FIIG - The Fixed Income Experts

News and Education

Bonds - A cure for a high risk environment

by Dr Stephen J Nash | Nov 07, 2012

Over the last few weeks, the reporting season for US equities has proven disappointing, and we have been suggesting that clients consider increasing asset allocation to bonds for some time. In this context, we review some recent developments in the US equity market, which point to continued concerns and risk. Accordingly, we then propose a portfolio that suits the current environment. 

US reporting season

It has been a tough few weeks in US equities, with the reporting season generally failing to meet expectations. While this tendency has been evident in the US and Australian markets broadly, the change in momentum that is emanating from lower than expected earnings, is evident in the glamour stock of US equities, Apple (AAPL). As the enclosed chart shows, AAPL has now closed under the generally accepted momentum indicator, the 200 day moving average of its share price, meaning the average share price for the last 200 trading days. While there have been some dramatic recoveries in the AAPL share price in prior occasions, the move below the 200 Day moving average is generally seen as a negative indicator of share price momentum. If the bull market continues, then APPL may recover, yet the current position is somewhat difficult, and the direction of recent trading is quite negative.

Figure 1

Apart from earnings, the US equity market is also concerned about the forthcoming “fiscal cliff”, which refers to a large cut in US government spending, which might push the US back into recession.
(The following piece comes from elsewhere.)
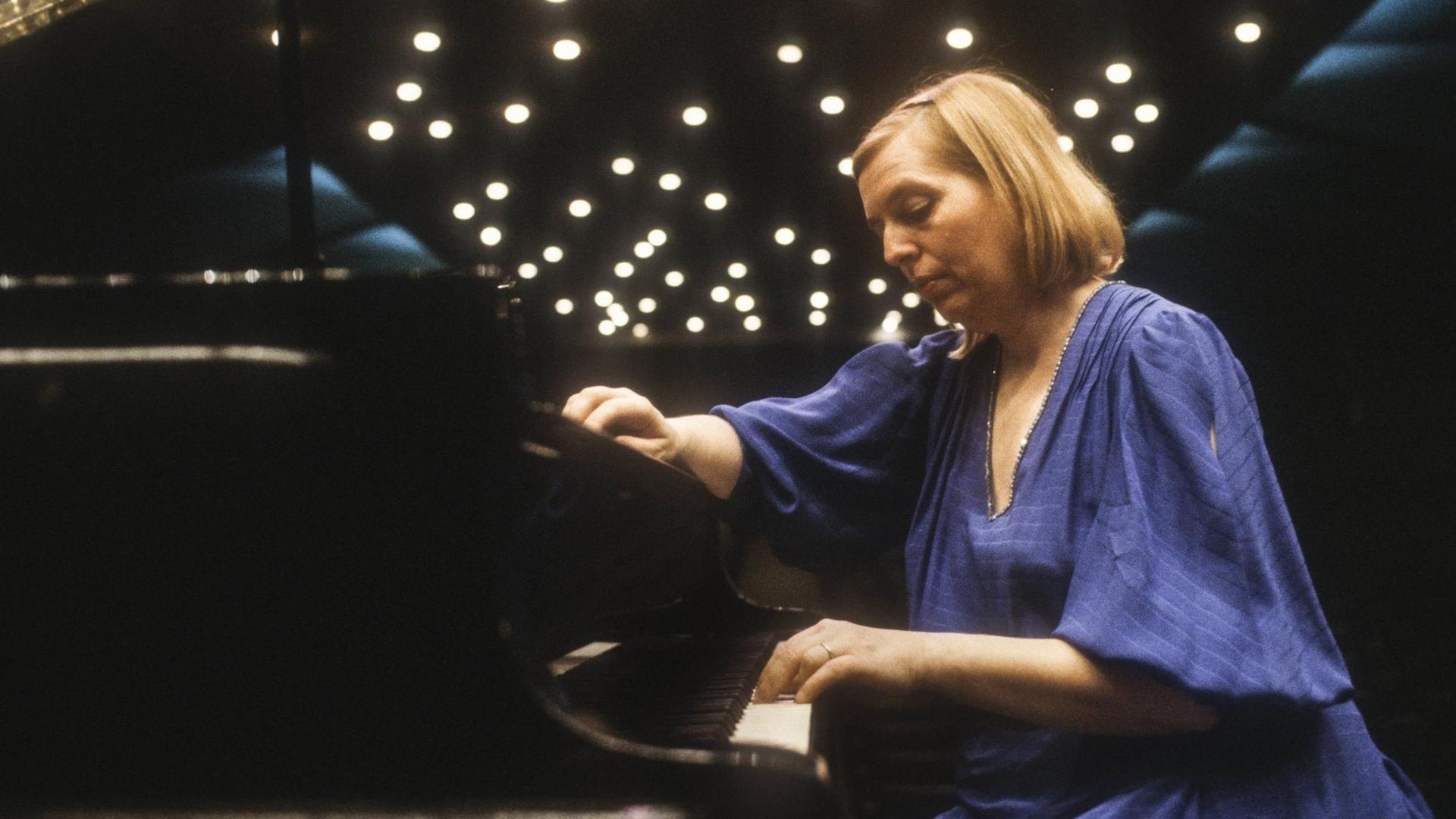 Die italienische Pianistin Maria Tipo spielt um 1983 in einem Konzert an einem Flügel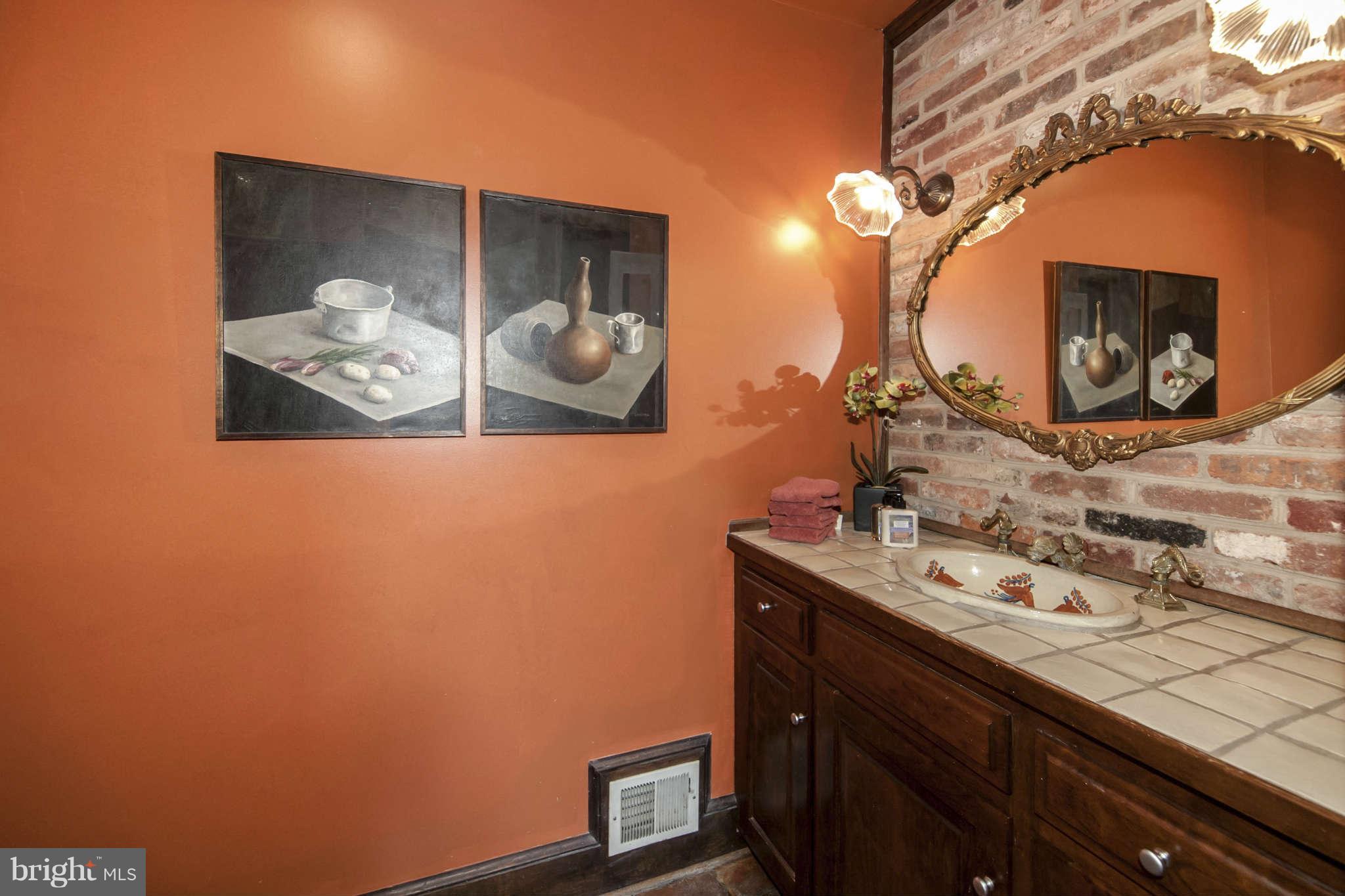 15701 Seneca Road Germantown, MD 20874 - Photo 16 of 30 Bath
Some estimates of the effects of the fiscal cliff are large, in the order of a $103bn cut to spending and a $399bn increase to government revenue (1). As the Congressional Budget Office indicate, the fiscal cliff has the potential to slow the emerging US recovery;

To keep deficits and debt from climbing to unsustainable levels, policymakers will need to increase revenues substantially as a percentage of GDP, decrease spending significantly from projected levels, or adopt some combination of those two approaches. Making such changes while economic activity and employment remain well below their potential levels would probably slow the economic recovery (CBO’s 2011 Long-Term Budget Outlook, Congressional Budget Office, p.XII).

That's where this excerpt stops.